Time to endoscopic intervention in patients with upper gastrointestinal patients can be improved with pathway provision
Background Patients with upper gastrointestinal malignancy often require admission to hospital with dysphagia or jaundice requiring therapeutic endoscopy. Endoscopic intervention is often effective permitting rapid discharge. An efficient service would permit rapid discharge for patients who are often at the end of life. We noted that a majority of patients in hospital under the gastroenterological oncology were admitted with symptoms requiring therapeutic endoscopy. Methods We conducted an audit cycle of the inpatient days before and after pathway implementation. A wait of 1 day was set as acceptable for patients with bleeding as defined by NICE guidance and we set an arbitrary standard of 2 days for patients without bleeding but requiring therapeutic endoscopy. Between the audit cycles, a pathway was built to accommodate these patients. Results Inpatient waits improved from a median of 3 days to 1 day.

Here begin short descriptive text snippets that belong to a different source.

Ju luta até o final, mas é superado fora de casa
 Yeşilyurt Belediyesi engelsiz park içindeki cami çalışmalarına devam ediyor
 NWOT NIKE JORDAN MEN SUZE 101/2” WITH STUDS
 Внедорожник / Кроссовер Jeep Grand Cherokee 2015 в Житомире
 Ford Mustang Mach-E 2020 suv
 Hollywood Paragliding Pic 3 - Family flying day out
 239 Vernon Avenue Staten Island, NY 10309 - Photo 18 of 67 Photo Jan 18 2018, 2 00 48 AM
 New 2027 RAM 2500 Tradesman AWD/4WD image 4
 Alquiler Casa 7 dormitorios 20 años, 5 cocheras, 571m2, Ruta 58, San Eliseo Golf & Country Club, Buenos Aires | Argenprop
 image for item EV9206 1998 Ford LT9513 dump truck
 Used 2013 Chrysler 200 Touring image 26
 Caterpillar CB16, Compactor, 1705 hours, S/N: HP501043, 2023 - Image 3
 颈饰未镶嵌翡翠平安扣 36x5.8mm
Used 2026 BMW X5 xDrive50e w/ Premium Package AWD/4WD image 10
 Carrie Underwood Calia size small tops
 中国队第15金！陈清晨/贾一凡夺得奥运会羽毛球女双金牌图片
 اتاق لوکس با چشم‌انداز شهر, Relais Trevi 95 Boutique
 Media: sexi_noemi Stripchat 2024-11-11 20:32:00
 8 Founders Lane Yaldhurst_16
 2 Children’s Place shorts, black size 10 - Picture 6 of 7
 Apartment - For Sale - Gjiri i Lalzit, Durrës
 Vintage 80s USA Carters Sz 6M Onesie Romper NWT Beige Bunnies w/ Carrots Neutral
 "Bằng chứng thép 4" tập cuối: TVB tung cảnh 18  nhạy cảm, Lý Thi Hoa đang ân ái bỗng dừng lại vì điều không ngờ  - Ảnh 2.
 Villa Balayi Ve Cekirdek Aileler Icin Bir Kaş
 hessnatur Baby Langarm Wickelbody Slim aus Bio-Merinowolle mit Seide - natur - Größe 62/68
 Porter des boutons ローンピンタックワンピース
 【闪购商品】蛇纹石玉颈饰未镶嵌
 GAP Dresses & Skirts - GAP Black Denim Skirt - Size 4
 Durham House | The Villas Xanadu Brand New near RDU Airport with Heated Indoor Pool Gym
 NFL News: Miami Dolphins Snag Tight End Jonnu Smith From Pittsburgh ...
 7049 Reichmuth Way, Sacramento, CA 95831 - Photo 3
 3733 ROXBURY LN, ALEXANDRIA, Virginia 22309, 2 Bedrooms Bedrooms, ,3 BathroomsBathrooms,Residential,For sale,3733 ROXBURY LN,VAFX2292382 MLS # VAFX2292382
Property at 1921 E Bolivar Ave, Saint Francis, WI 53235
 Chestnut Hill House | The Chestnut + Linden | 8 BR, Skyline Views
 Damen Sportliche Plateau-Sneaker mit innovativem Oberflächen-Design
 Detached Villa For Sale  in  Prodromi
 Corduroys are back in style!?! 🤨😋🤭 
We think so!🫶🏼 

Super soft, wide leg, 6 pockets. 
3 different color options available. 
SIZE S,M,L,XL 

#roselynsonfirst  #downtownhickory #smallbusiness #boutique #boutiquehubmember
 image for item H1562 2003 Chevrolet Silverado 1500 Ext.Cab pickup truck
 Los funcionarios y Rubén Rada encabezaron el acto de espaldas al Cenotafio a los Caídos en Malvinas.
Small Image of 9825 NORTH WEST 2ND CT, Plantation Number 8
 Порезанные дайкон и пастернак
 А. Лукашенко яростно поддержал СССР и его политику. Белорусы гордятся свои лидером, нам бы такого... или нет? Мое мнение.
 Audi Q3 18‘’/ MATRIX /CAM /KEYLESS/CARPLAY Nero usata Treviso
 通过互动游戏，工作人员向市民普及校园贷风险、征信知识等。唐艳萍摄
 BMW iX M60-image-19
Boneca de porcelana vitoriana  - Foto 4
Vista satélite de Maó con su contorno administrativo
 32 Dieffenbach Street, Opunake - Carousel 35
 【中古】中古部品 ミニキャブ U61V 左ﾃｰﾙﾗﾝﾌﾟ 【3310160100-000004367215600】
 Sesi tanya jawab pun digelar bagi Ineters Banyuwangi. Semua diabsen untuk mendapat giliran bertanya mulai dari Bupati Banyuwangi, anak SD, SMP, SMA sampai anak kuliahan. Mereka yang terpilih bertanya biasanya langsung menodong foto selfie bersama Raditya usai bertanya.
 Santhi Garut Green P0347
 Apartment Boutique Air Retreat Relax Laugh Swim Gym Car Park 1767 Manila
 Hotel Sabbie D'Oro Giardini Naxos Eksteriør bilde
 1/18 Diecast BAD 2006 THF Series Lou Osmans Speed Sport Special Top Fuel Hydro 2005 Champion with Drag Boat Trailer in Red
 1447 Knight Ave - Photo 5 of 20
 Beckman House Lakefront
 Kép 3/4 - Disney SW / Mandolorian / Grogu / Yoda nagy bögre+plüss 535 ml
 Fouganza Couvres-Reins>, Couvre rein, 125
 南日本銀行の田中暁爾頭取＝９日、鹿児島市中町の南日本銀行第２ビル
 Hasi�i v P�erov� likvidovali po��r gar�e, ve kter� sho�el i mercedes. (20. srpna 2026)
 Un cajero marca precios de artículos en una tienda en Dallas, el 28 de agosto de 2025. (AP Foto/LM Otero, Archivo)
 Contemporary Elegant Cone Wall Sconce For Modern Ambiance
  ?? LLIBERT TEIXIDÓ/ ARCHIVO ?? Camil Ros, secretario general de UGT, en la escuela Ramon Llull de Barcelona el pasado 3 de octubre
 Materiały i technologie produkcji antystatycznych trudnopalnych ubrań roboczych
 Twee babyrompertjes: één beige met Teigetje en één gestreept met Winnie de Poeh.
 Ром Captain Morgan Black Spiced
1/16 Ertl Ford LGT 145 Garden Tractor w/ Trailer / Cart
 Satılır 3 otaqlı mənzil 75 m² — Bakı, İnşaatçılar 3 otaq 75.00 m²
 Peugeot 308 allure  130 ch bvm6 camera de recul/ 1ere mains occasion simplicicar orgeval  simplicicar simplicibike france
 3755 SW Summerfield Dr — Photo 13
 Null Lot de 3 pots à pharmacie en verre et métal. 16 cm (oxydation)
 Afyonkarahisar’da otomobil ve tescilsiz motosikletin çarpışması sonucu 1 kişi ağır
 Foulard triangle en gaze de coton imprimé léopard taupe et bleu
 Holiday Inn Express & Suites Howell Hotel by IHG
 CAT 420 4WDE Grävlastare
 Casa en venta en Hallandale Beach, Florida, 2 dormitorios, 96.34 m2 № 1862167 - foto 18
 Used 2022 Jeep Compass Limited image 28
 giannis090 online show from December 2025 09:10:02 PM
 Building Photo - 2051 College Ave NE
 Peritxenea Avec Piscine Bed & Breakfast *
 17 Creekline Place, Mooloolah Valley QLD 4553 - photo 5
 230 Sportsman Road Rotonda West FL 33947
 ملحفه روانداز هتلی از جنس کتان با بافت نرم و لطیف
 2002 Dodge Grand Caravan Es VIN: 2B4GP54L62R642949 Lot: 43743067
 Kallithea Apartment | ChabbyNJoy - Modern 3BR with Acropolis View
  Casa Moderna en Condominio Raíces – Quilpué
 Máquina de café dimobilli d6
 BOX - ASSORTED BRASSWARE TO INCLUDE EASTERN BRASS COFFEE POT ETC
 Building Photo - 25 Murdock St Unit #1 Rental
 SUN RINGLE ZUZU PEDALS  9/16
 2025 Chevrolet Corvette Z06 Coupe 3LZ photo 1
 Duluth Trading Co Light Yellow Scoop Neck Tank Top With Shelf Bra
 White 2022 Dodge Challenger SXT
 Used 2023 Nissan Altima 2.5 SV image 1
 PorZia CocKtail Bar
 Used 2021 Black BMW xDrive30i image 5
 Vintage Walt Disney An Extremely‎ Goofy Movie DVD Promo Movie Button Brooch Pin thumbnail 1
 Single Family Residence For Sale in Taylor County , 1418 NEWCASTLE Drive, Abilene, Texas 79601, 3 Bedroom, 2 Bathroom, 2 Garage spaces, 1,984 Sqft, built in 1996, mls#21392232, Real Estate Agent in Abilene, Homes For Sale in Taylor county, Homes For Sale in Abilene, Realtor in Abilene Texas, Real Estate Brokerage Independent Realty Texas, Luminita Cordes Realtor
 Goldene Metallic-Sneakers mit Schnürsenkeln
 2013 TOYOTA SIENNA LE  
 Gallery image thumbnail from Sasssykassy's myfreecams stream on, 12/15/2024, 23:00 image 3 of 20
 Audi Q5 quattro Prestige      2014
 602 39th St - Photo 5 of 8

There was no difference in outcome between those presenting with bleeding and other symptoms or any difference in patients requiring different procedures. Conclusions Waiting times for endoscopy can be improved with the introduction of a targeted pathway of cancer patients. Further issues including cost, quality of life and nutrition require further intervention.
7803 Audit on assessment of clinic letters in the department of paediatrics of a district general hospital using the sheffield assessment indicator for letter (SAIL)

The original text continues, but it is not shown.